• [Exercise aim] When a line in the listing contains the string "Debe", pick it out and copy it.

START The data

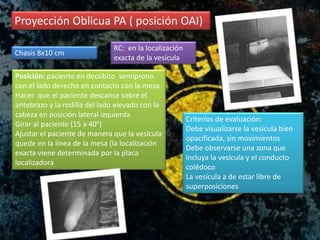 Proyección Oblicua PA ( posición OAI)
Chasis 8x10 cm
Posición: paciente en decúbito semiprono
con el lado derecho en contacto con la mesa
Hacer que el paciente descanse sobre el
antebrazo y la rodilla del lado elevado con la
cabeza en posición lateral izquierda
Girar al paciente (15 a 40°)
Ajustar el paciente de manera que la vesícula
quede en la línea de la mesa (la localización
exacta viene determinada por la placa
localizadora
RC: en la localización
exacta de la vesícula
Criterios de evaluación:
Debe visualizarse la vesícula bien
opacificada, sin movimientos
Debe observarse una zona que
incluya la vesícula y el conducto
colédoco
La vesícula a de estar libre de
superposiciones
 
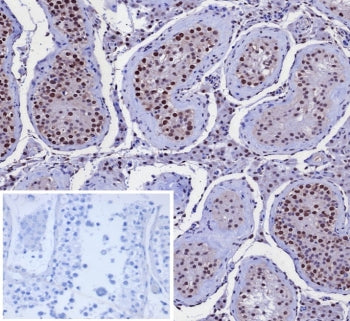 IHC staining of FFPE human testis tissue with Kinesin Family Member 2C antibody (clone KIF2C/4707) a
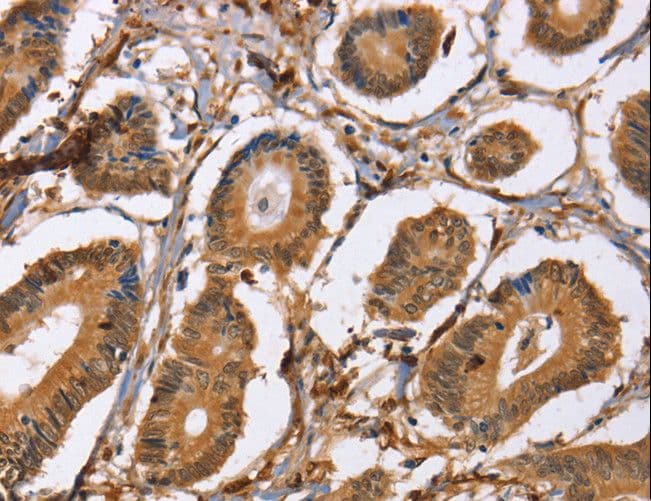 Latexin / MUM Antibody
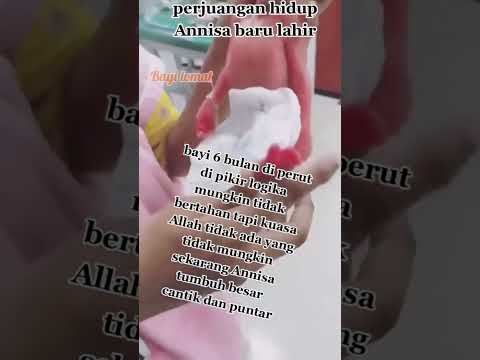 Video: Perbanyakan Benih Napas Bayi – Tips Menumbuhkan Napas Bayi Dari Biji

END The data

• [Reply to the exercise]
Debe visualizarse la vesícula bien
Debe observarse una zona que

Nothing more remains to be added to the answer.